I read carefully; I find the Author's Alteration pages to be harder, though. Most other page proofs I've proofread are essentially what the printed page will look like. The AAs, as they are affectionately called, are double spaced Courier, in 12pt, with line numbers down the left side.

I work in Courier, and so this looks like manuscript to me, and it's much harder for me to see the things I actually typed (as opposed to the ones I thought I did) in this format. I would almost pay money to see the actual page proof pages because I think I would catch a lot more than I obviously did.

On the other hand, I'm almost resigned to missing things. Because, of course, while rereading parts of Secret for background for a section of Chaos, the first thing I noticed in the published book was... a typo. V.V.

I also have GST return forms, but I have to get the AAs back as soon as possible (and honestly, I would rather read these than do the taxes).

So... I am sitting in front of my computer, making a post instead of continuing to work on them. This, sadly, is the fine art of procrastination. I also created a Twitter account. Because, yes, procrastinating. I updated my very under-updated web page. Someone elsewhere used the word "multi-crastination", and I find myself living up to it...


Apr. 8th, 2009 05:58 am (UTC)
My only connection to the industry is that I read, so the only thing I can add here is how I'm constantly surprised by how few errors end up in books. Especially in series books! So many details that could get dropped!

And then boom, I'll find a best-seller-hard-back-big-money book with big typos and continuity errors. ::shrugs:: What can you do? Things just slip by sometimes, I guess.
Apr. 8th, 2009 06:46 pm (UTC)
My connection to the industry is that I'm the production person who deals with this stuff. :-)

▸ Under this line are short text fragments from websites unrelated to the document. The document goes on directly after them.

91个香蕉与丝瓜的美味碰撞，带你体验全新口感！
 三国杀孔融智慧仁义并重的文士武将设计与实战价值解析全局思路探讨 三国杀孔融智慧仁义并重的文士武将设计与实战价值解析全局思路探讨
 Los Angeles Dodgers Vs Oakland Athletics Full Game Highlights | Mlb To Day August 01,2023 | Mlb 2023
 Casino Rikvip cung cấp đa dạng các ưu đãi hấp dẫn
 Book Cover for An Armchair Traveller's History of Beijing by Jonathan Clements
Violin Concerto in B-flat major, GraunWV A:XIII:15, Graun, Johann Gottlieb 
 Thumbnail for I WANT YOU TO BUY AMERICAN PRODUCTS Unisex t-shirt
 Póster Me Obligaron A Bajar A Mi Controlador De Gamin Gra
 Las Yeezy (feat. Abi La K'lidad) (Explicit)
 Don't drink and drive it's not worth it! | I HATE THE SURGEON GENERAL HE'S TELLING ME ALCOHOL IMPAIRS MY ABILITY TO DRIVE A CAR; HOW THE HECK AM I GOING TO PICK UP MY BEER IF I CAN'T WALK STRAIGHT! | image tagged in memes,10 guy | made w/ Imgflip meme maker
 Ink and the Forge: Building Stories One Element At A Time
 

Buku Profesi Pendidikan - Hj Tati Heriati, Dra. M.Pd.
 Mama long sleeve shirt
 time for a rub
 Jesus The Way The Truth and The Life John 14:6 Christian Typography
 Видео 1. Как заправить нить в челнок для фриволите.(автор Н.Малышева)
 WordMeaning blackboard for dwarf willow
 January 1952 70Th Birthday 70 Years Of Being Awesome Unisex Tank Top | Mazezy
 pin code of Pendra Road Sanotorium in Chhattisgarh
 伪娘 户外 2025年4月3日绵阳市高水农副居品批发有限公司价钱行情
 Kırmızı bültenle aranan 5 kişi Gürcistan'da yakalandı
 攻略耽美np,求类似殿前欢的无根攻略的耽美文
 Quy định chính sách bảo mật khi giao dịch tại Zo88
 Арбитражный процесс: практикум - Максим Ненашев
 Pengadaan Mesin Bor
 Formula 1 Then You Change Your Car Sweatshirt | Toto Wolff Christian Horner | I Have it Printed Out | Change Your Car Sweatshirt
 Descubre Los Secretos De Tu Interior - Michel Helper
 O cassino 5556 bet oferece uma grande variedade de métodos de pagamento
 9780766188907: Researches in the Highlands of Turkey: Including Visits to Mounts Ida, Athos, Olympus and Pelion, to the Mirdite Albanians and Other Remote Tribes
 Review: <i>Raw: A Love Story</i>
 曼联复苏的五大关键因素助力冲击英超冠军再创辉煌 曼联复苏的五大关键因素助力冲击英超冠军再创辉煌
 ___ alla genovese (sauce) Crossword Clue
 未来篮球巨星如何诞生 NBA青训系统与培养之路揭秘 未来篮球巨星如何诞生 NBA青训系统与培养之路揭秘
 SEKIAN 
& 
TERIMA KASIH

The big bestsellers with all the errors typically happen because the publisher is in a tremendous hurry to get the book to press and have it start earning its keep, rather than dawdling through an 8-to-10-month production cycle.

The other problem is that publishers of big bestseller fiction typically have long lists and short staff. People start cutting corners. The big bestsellers sometimes get short attention from lazy production people because "the book will sell anyway."

At my previous place of employ, we in the paperback division were contemptuous of certain people in the hardcover division because they printed slop. (Not everyone, just certain teams.) We were forever cleaning up after them and making a million correx for our editions. It was clearly the individuals, because they didn't have heavier workload than anyone else. They were just plain bad at that part of their job.

Which is a long-winded way of saying that anything dependent on human input is only as good as the humans doing the work.
Apr. 8th, 2009 08:06 pm (UTC)
That makes perfect sense actually. I always thought they'd spend more time because of the extra scrutiny, but I guess that isn't always the case.